> TASK DETAILS
Leaving the pictures aside, reproduce the data in full and word for word.

> SUPPLIED RECORDS
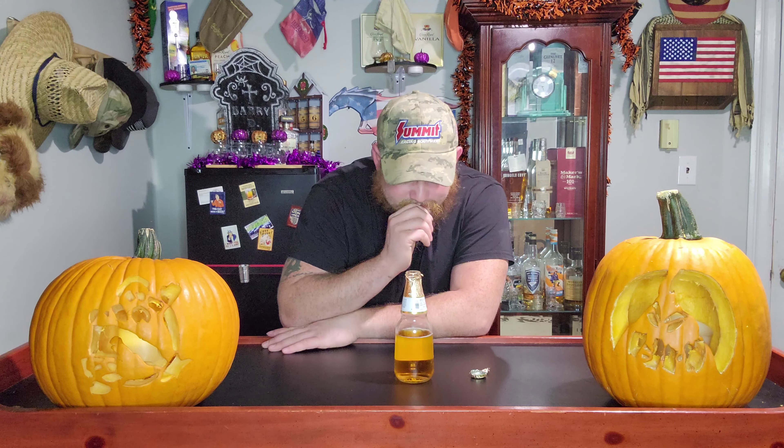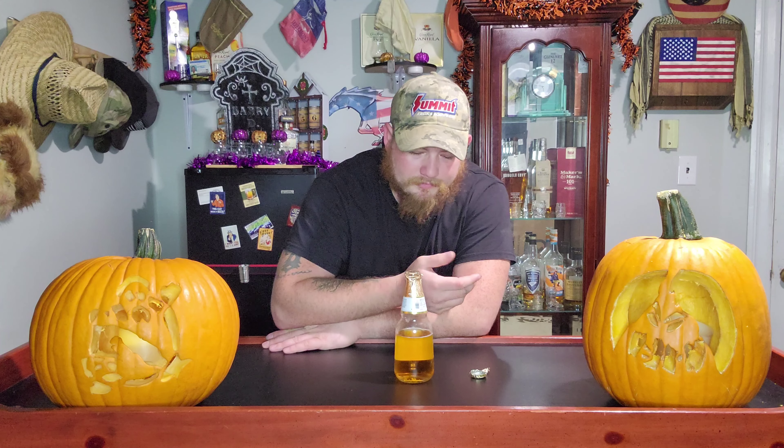It has an interesting lager taste to it — it kind of almost reminds me of hops, like a hoppy taste. It's smooth, it's fresh. Not quite as cold as I would like it; maybe I could let it get colder. But it does linger on the palate a little bit longer than most beers that I've had.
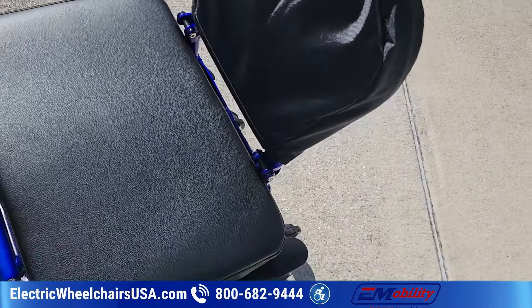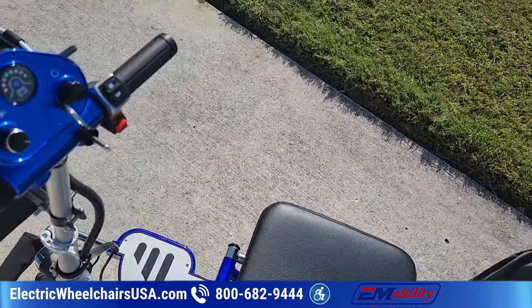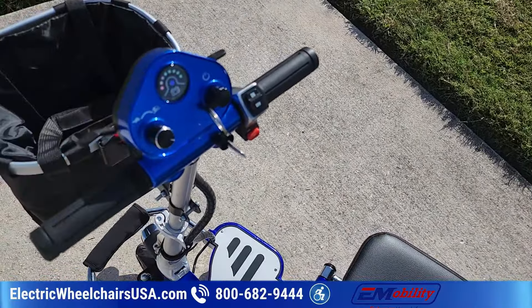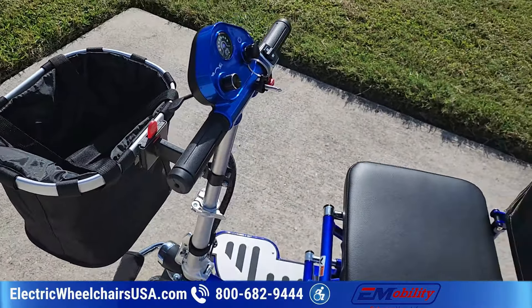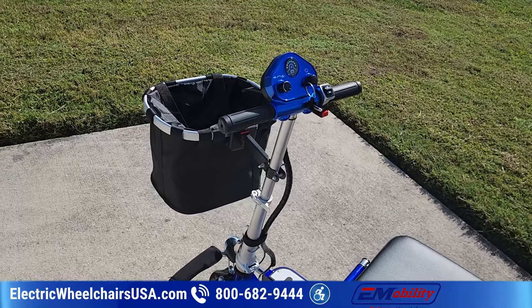It comes standard with an 18-inch wide seat that does not have armrests — something to keep in mind if you want armrests. The top speed on this scooter is six miles per hour. The Triax Sport is more of a recreational scooter, so the top speed on that one is 12 miles per hour.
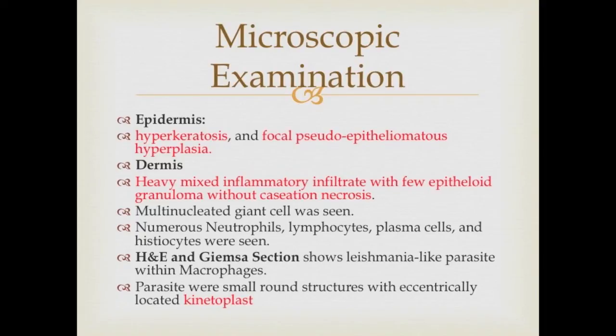HNA and Giemsa sections show Leishmania-like parasites within macrophages. The parasites were small round structures with eccentrically located kinetoplasts.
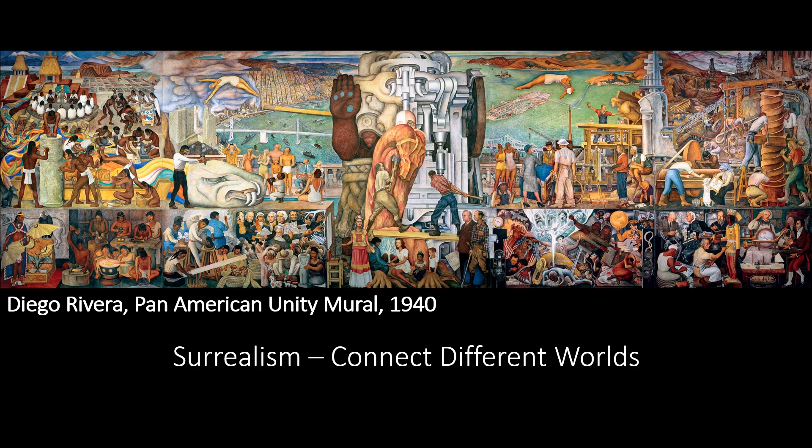This is the end of our introduction video. In the next video, we'll be talking more about the Communicating Vessels print and showing how it's related to the Diego Rivera Pan American Unity mural. This is Leland Jung, a student Diego Rivera docent at the City College of San Francisco.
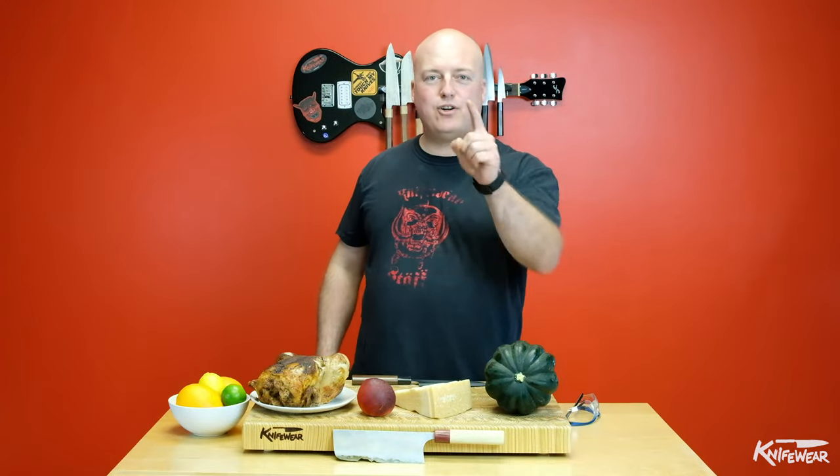Hi there! If you've ever bought a knife from us, you've heard us say: don't cut hard things. In this video I'm going to chip a knife and show you what we really mean.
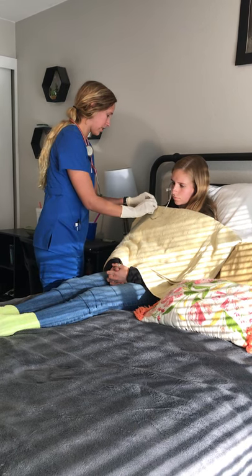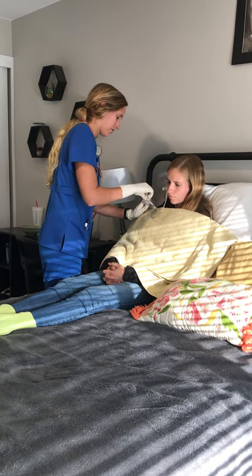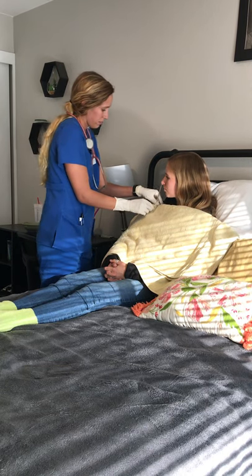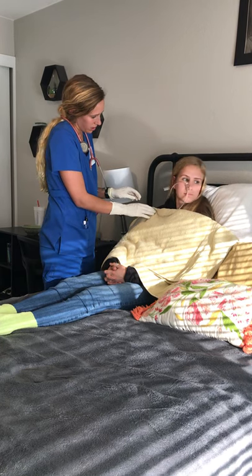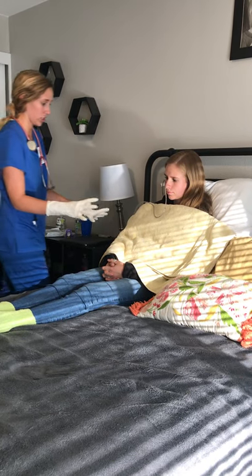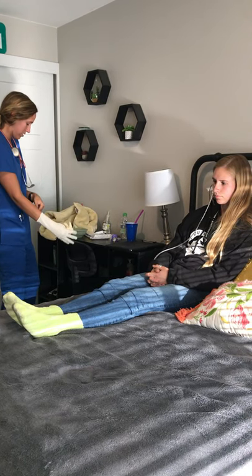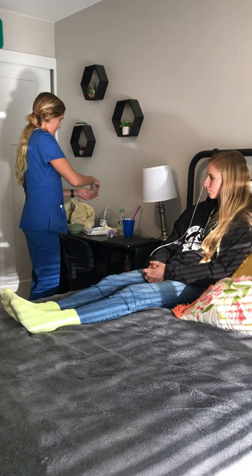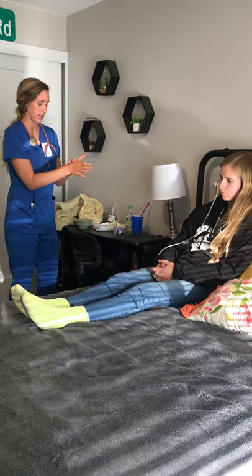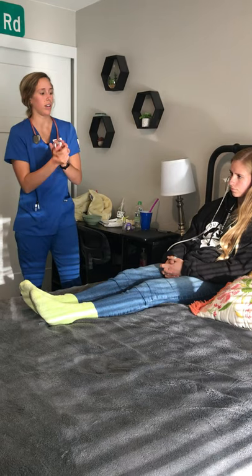Next, I'm going to secure it to her gown. Normally I'd use a rubber band and a safety pin, but I'm going to tape it instead. Can you go ahead and look left and right for me? Perfect. Do you have any discomfort while you do that? No. Perfect. I'm going to remove all of my supplies, get rid of all my trash, take my gloves off, wash my hands, and then I would document my findings.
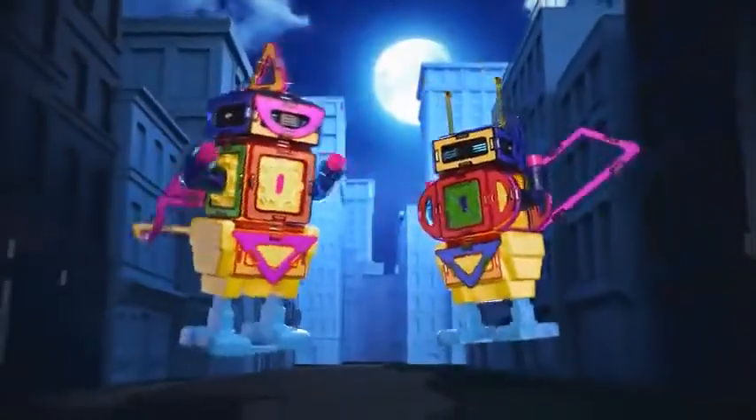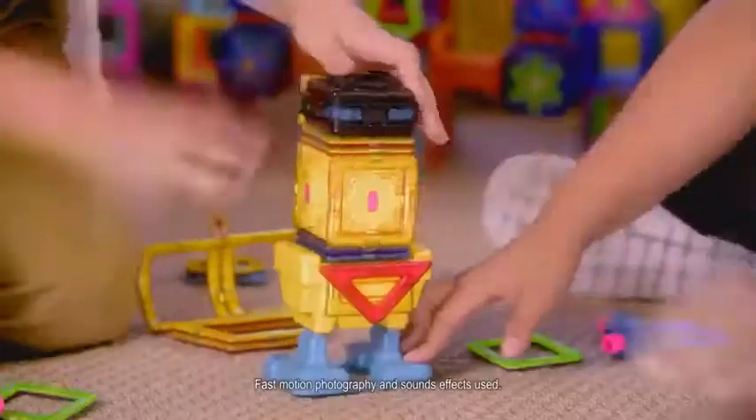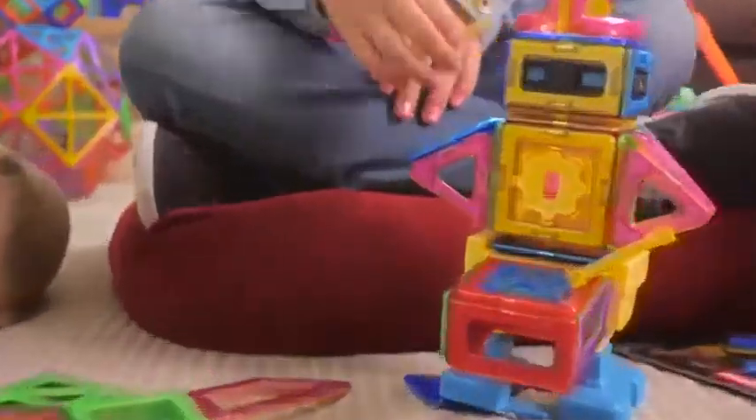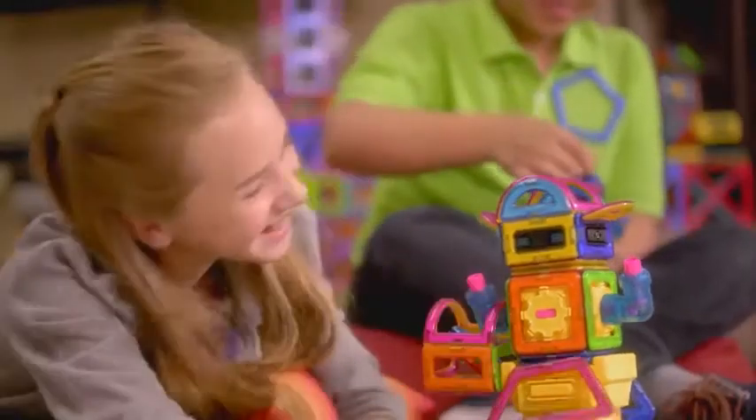Build a hero robot to take on the villain. Magformers' magnetic shapes are easy for small hands to build a real walking robot. Follow along with the idea book or invent your own amazing robot.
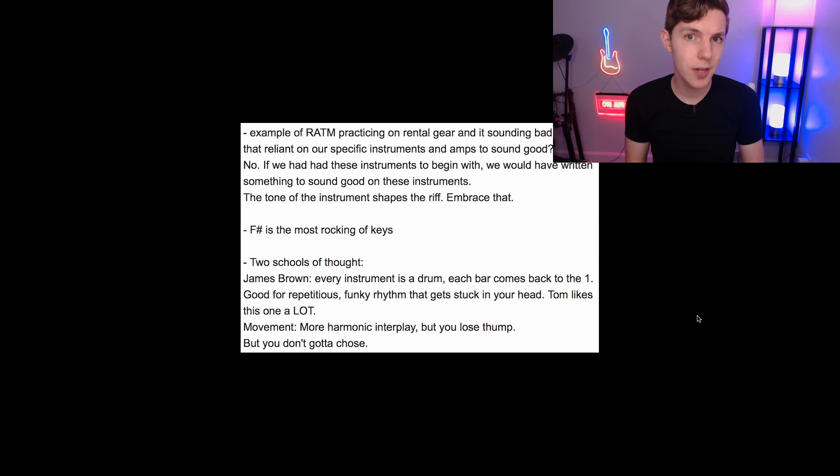What's up? How's it going? Welcome to my second channel where I post things because I can't help myself. Today I want to talk about riff writing advice from legendary guitarist Tom Morello of Rage Against the Machine fame and what I learned from his masterclass.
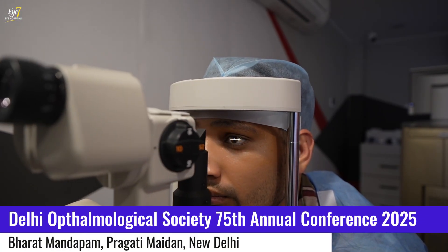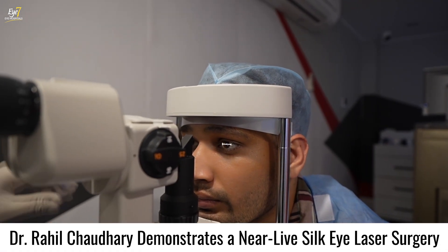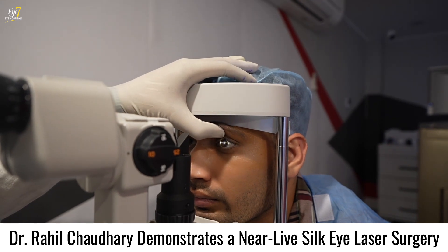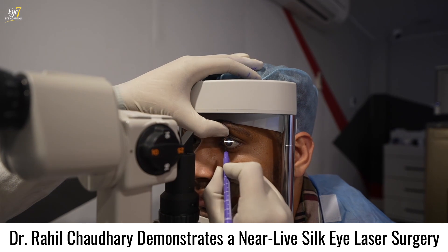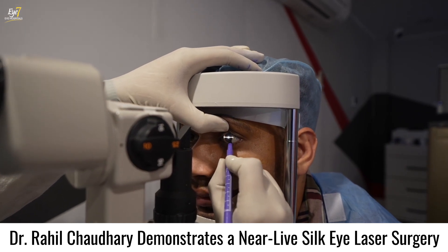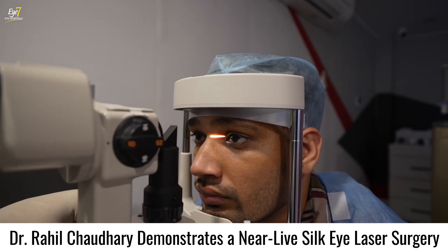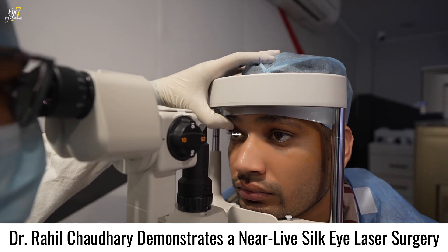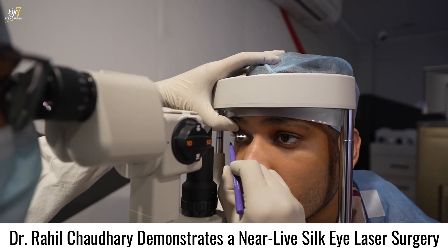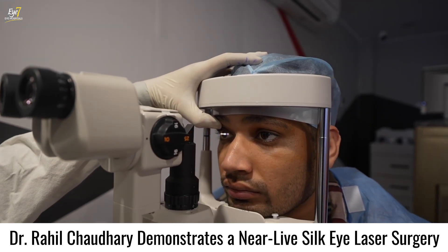I am demonstrating the latest refractive lenticule-based procedure, which is the SILK procedure. We start with marking the toric axis for the patient. At the moment the cyclotorsion is manual, but very soon we will have automated cyclotorsion in the Irita machine. Using the slit lamp to do the marking is very convenient. Before marking, we make sure that the slit is perfectly bisecting both pupils and the head is nicely aligned.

> SOLUTION
It has an interesting lager taste to it — it kind of almost reminds me of hops, like a hoppy taste. It's smooth, it's fresh. Not quite as cold as I would like it; maybe I could let it get colder. But it does linger on the palate a little bit longer than most beers that I've had.
It comes standard with an 18-inch wide seat that does not have armrests — something to keep in mind if you want armrests. The top speed on this scooter is six miles per hour. The Triax Sport is more of a recreational scooter, so the top speed on that one is 12 miles per hour.
HNA and Giemsa sections show Leishmania-like parasites within macrophages. The parasites were small round structures with eccentrically located kinetoplasts.
This is the end of our introduction video. In the next video, we'll be talking more about the Communicating Vessels print and showing how it's related to the Diego Rivera Pan American Unity mural. This is Leland Jung, a student Diego Rivera docent at the City College of San Francisco.
Hi there! If you've ever bought a knife from us, you've heard us say: don't cut hard things. In this video I'm going to chip a knife and show you what we really mean.
Next, I'm going to secure it to her gown. Normally I'd use a rubber band and a safety pin, but I'm going to tape it instead. Can you go ahead and look left and right for me? Perfect. Do you have any discomfort while you do that? No. Perfect. I'm going to remove all of my supplies, get rid of all my trash, take my gloves off, wash my hands, and then I would document my findings.
Build a hero robot to take on the villain. Magformers' magnetic shapes are easy for small hands to build a real walking robot. Follow along with the idea book or invent your own amazing robot.
What's up? How's it going? Welcome to my second channel where I post things because I can't help myself. Today I want to talk about riff writing advice from legendary guitarist Tom Morello of Rage Against the Machine fame and what I learned from his masterclass.
I am demonstrating the latest refractive lenticule-based procedure, which is the SILK procedure. We start with marking the toric axis for the patient. At the moment the cyclotorsion is manual, but very soon we will have automated cyclotorsion in the Irita machine. Using the slit lamp to do the marking is very convenient. Before marking, we make sure that the slit is perfectly bisecting both pupils and the head is nicely aligned.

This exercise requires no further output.